What Preachers Can Learn from the Best Business Communicators
I remember three things about the iPhone launch:
1. I was at home sick with the flu.
2. It was the first time I had ever watched Steve Jobs give a presentation.
3. After he was done, I really wanted an iPhone.
I’ll be the first to admit that a sermon is different than a presentation. That said, there are many similarities. Preachers can learn a lot from business communicators (and vice-versa.)
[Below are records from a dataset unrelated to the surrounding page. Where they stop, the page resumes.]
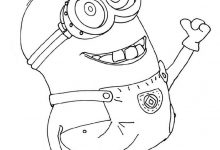 220x150 Cool Things To Color Colouring Pages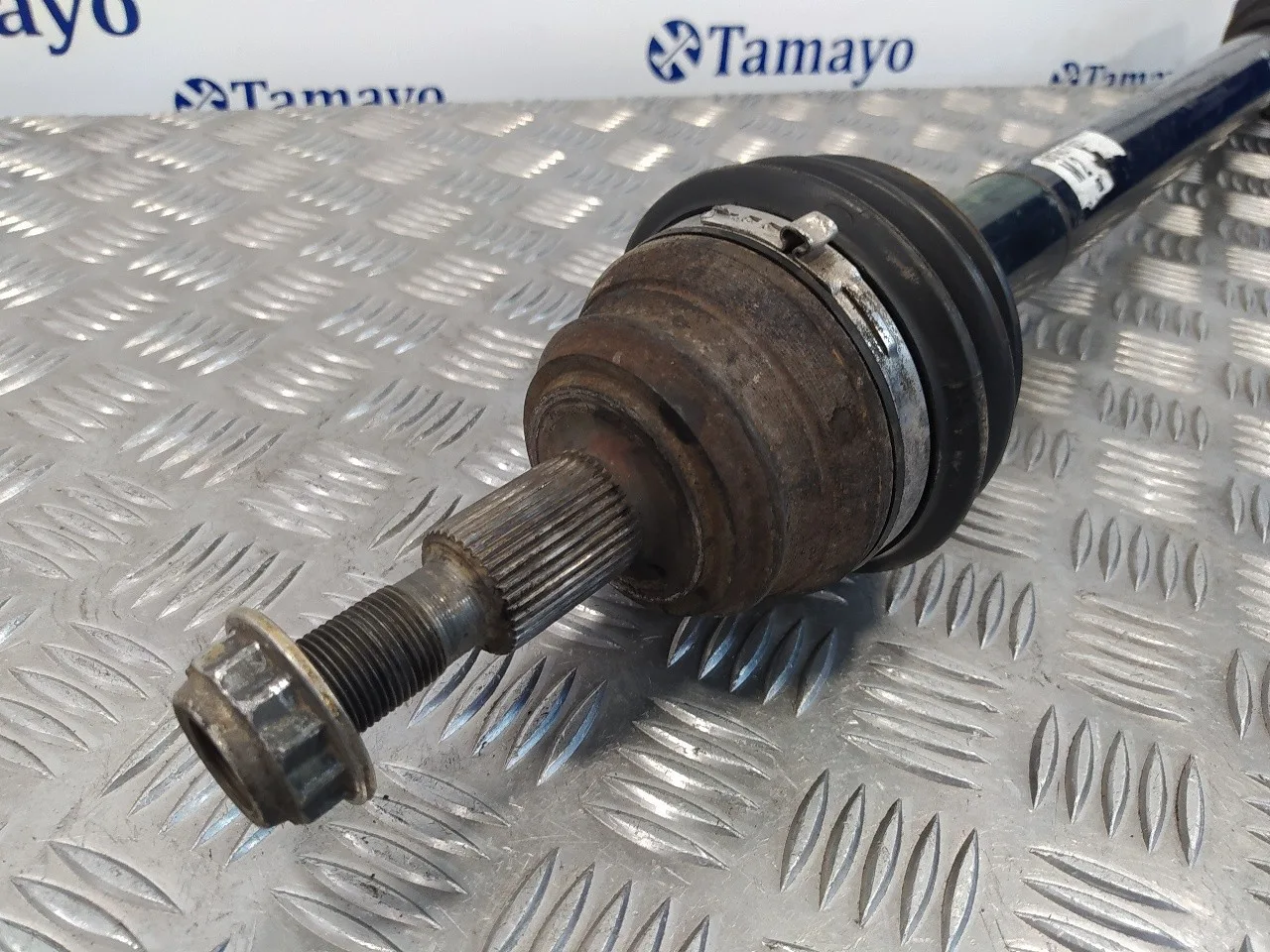 Transmision Delantera Derecha para Seat Leon (1M1)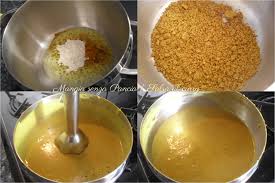 Salsa al curry per pesce. Salsa Al Curry Light Ricetta Base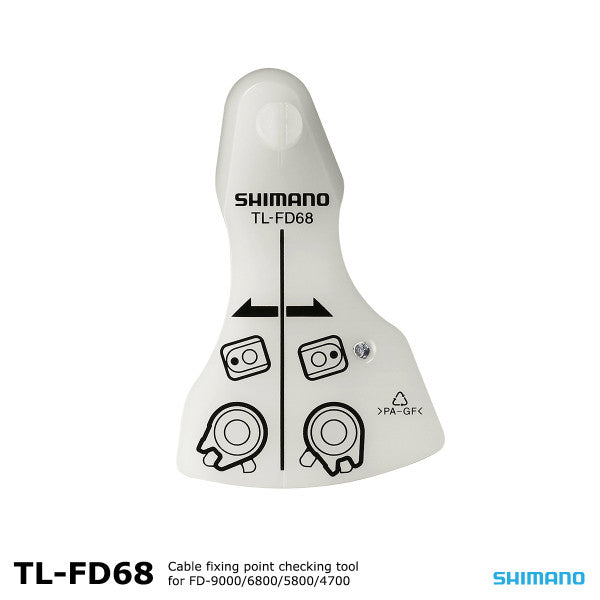 Shimano TL-FD68 CABLE FIXING POINT TOOL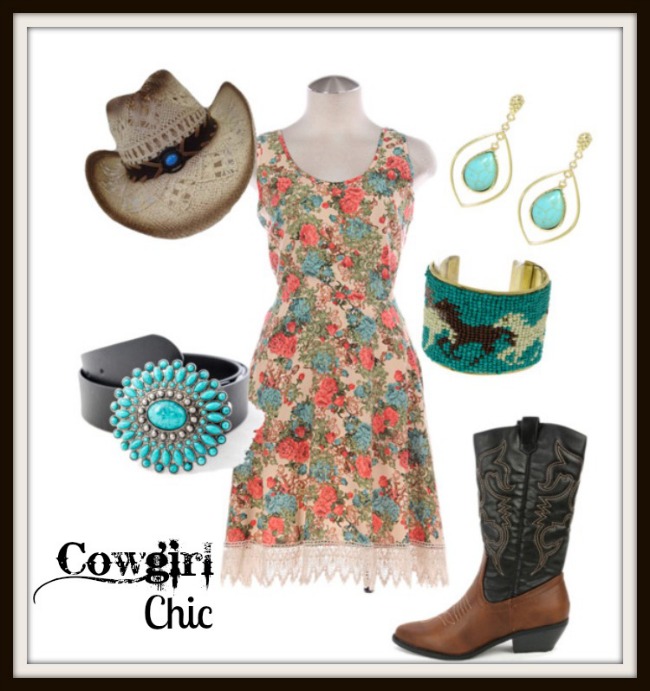 Outfit from Cowgirl Chic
Watching Steve Jobs present that day, I told my wife, “This guy is an evangelist.” If you have never watched the presentation, I would encourage you to watch it here. There is so much to learn from what he did that day. Here are four takeaways:
1. Preach Headlines. Jobs used the phrase “reinvent the phone” five times in his speech. The next day, media reports around the world ran headlines saying, “Apple reinvents the phone.” A great question for preachers to ask is this: “If a reporter was covering my sermon, what would be the headline?” What is your memorable, repeatable bottom line? Preach headlines.
2. Rehearse. The first time you say your presentation out loud should never be in front of your audience. Rehearse it. Practice it. The push back I get on this advice is two-fold. “It’s awkward.” True. What’s more awkward is giving a bad presentation in front of people. Second push-back is: “I don’t have the time.” It Steve Jobs could find the time, we can too.
3. Have fun. Business presenters have a tendency to take themselves too seriously. Preachers do too. Have fun. Smile. Laugh. It lets people see that you are a real person. After he said that Apple was going to reinvent the phone, Jobs showed a visual of an iPod with an old rotary dial on it. The audience loved it. Humor is so under-valued in presentations. Great presenters leverage it.
4. Create Anticipation. He began by saying, “This is a day I have been waiting for. Today, we are going to create history.” Granted, if you preach every Sunday, you can’t “make history” every week. But you can create anticipation. At Preaching Rocket, we teach the practice of creating tension and anticipation in the first five minutes. Our goal is to make the audience think, “I am SO glad I came to hear this talk.”